Influxdb integral() function

barneyd · March 21, 2021, 3:20pm

I’m trying to sum up on time for a switch. As ON=1 and OFF=0, the total on time should be the inegral (area under the graph).

This is my data for the last 24hrs using this query

SELECT value FROM "openhab_db"."autogen"."Oculus" WHERE time >= now()-1d

If I now try to integrate it with this query:

SELECT integral(value,1h) FROM "openhab_db"."autogen"."Oculus" WHERE time >= now()-1d

I get 10.60 hours:

However, if I calculate it manually, it totals 6.14 hours. I have confirmed this by downloading the data as elapsed time between points and summing up all of the “on” times.

I can’t see why the integral function isn’t giving me the total on time.

Going forward, I’d like to use a similar process to sum up energy use by integrating the area under an instantaneous usage graph, possibly in that case with interpolation but I don’t want to do that until I’ve got the simple on/off version working the way I expect.

BobMiles · March 21, 2021, 4:33pm

Hi,
that’s interesting… I have been thinking about your problem for a while, but here are so questions for you:
When are your item states persisted? EveryChange I suppose? What lies before 15:39? Could it be that the time before your first timestamp is counted into the integral (e. g. now-1d until 15:39)?

barneyd · March 21, 2021, 6:02pm

Thanks for the response. Yes, every change:

 Oculus: strategy = everyChange

The previous entry is a value 0 at 10:13:32
Prior to that is another 0 at 08:41:19 the previous day. Usually the values alternate between 0 and 1 but there are a couple of 0 entries due to reboots.

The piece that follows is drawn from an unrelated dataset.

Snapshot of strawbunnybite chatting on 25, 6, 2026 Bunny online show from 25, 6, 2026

I assume that the integral function evaluates the value at the start of the query interval so it can properly calculate the area, rather than just starting from the first data point within the range. The query response is timestamped at the start time of the query period (even if the end time isn’t now).

I have another example where the integrated time is lower than I’d expect:

(~4h 25min) integrating to

2.73 hours isn’t the sum of the on times, it isn’t either of the on times and the difference between the actual and expected values doesn’t relate to the time between the query start and the first entry, nor the last entry and the query end.

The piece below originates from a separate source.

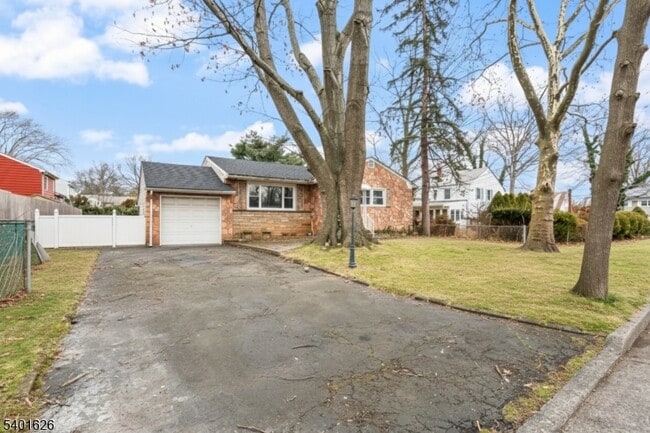 Building Photo - 929 Heaton Pl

pacive · March 21, 2021, 7:22pm

I think that influxdb tries to connect the points with straight lines before calculating the integral, so the value between each point that is different from the previous will always be (time between points) * 0,5.

In your example the time difference between the first point and the last is 21.2h, and 21.2 * 0,5 = 10.6

barneyd · March 21, 2021, 8:28pm

Your answer makes sense in that it works for both of my examples but that means integral() as a function is useless.

I could understand if it interpolated between the points in the database and in fact there is an option to enable this (it’s off by default) but why you would ever want to ignore real points in favour of a linear interpolation is beyond me.

If I look at the example, it works the way I expect, so I’m still not quite sure what is going on.

pacive · March 21, 2021, 9:09pm

It does work for most real world applications, where the more general formula would be mean(p1, p2) * time_diff(p1, p2) linear interpolation is in most cases the best one for graphs. Using the value from the previous point all the way up to the next wouldn’t make sense in most cases (think e.g temperatures, water level measurements etc).

pacive · March 21, 2021, 9:32pm

If you just want to get the sum for the last 24h use

SELECT sum(value) / 60 FROM "openhab_db"."autogen"."Oculus" WHERE time >= now()-1d GROUP BY time(1m), fill(previous)

Edit: Perhaps won’t work, might be that it returns points for each minute instead. I did have a similar function previously (calculated power consumption in kWh from a set of kW values) but have migrated to influxdb 2 and flux queries.

barneyd · March 21, 2021, 9:33pm

I see what you mean. I was thinking it was doing mean (p1,p12) * time_diff(p1, p12) in other words only using the first and last points. It fact it is arithmetically the same as interpolating between each of the points because the values are either 1 or 0.

It would still be useful if it extended the integration range to the edges of the time range because the result is unpredictable for an irregular time series.

barneyd · March 21, 2021, 10:04pm

Thanks for trying. Doesn’t seem to be working. Firstly there’s an error message only time() calls allowed in dimensions that disappears when I remove the fil(). The result then is that only the minutes containing a change have a result (either 1 or 0), the rest are NULL.

I could change the persistence strategy to store a result every minute and just sum the values but feels like a waste of storage. Alternatively I could write a rule to process the table of results from the straight (non-aggregating) query but that feels a bit like giving up on something that should be possible.

system · May 2, 2021, 2:04pm

This topic was automatically closed 41 days after the last reply. New replies are no longer allowed.